= Task to complete =
Pictures are to be left out. Return exactly the lines below from the one with "Modern Aquatic Animals" up to and including the one with "X0000086080865200704202149".

= Entries supplied =
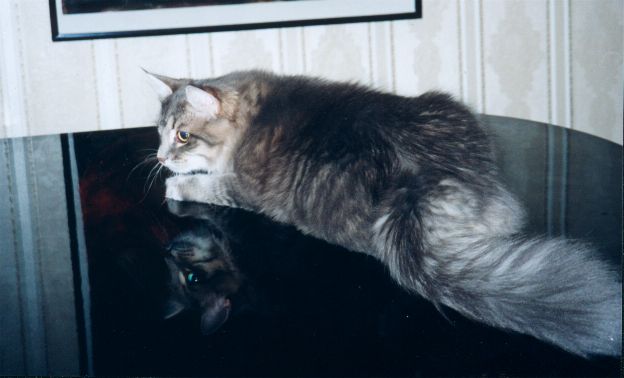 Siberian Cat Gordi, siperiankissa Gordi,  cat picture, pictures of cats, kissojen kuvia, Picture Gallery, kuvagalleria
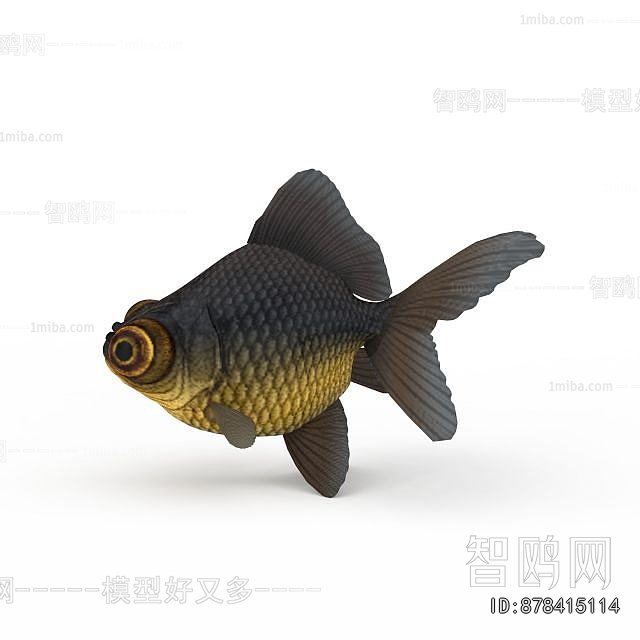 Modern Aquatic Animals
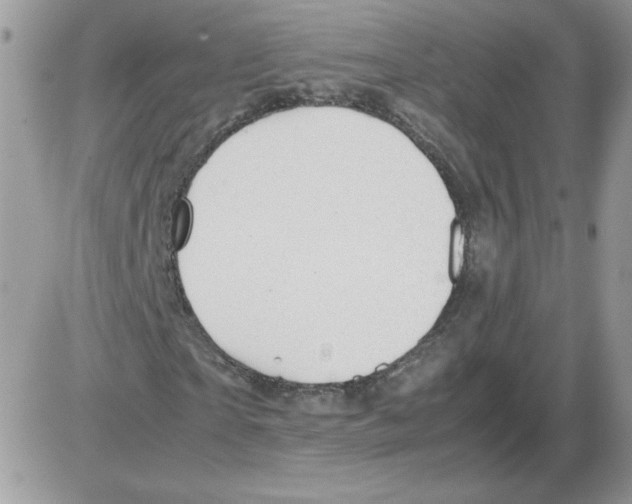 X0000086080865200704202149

* * *

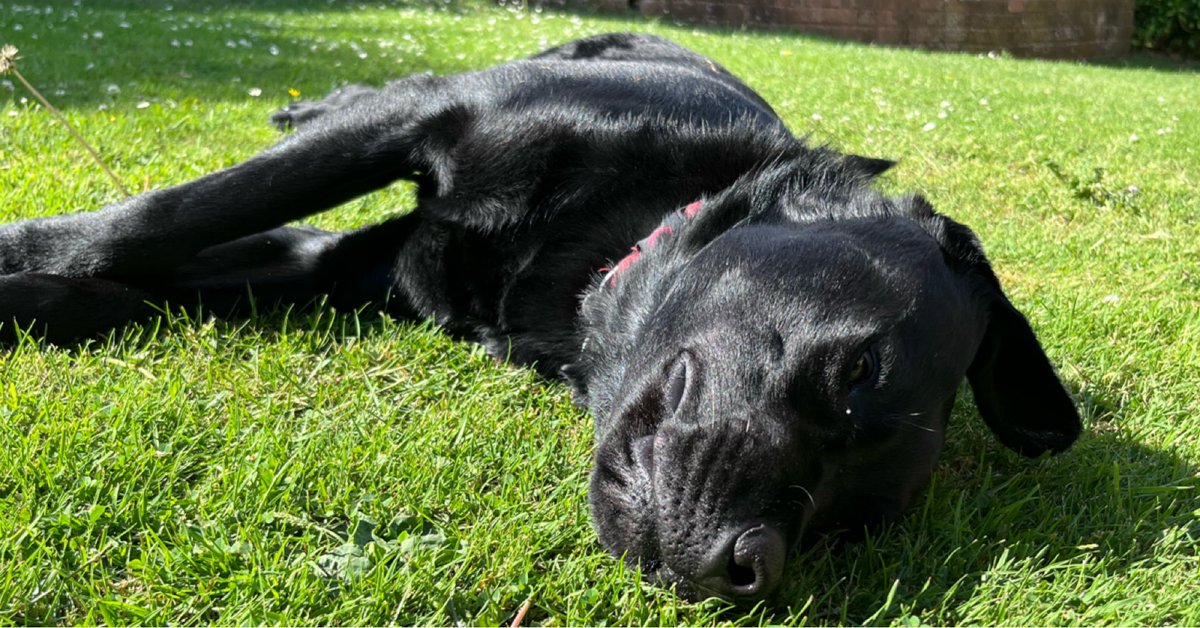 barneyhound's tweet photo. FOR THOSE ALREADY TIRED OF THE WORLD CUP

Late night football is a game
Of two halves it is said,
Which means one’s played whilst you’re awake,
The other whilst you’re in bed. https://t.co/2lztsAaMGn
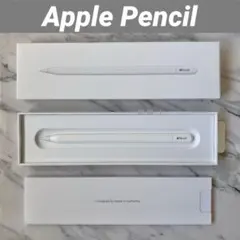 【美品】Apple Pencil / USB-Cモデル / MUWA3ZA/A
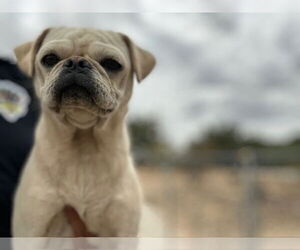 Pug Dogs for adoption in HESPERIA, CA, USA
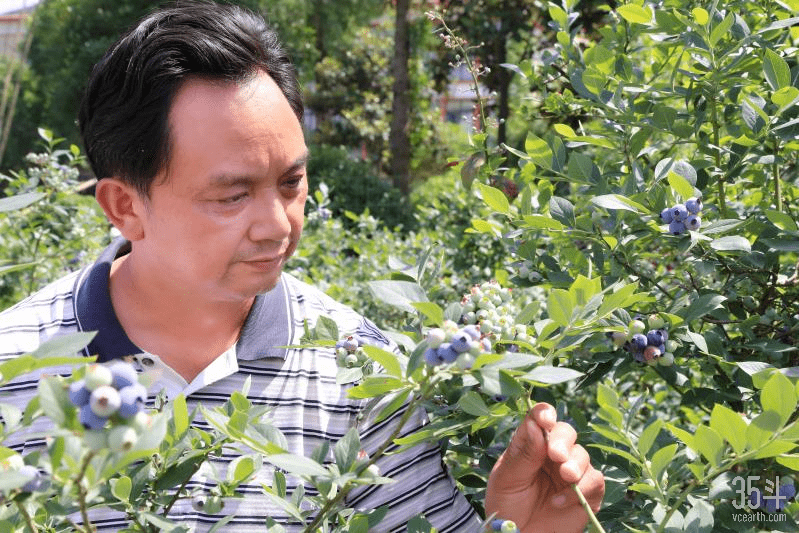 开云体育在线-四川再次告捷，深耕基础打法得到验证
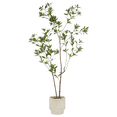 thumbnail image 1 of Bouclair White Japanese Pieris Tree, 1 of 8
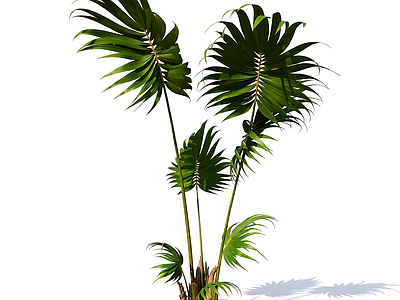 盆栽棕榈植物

= Exercise result =
 Modern Aquatic Animals
 X0000086080865200704202149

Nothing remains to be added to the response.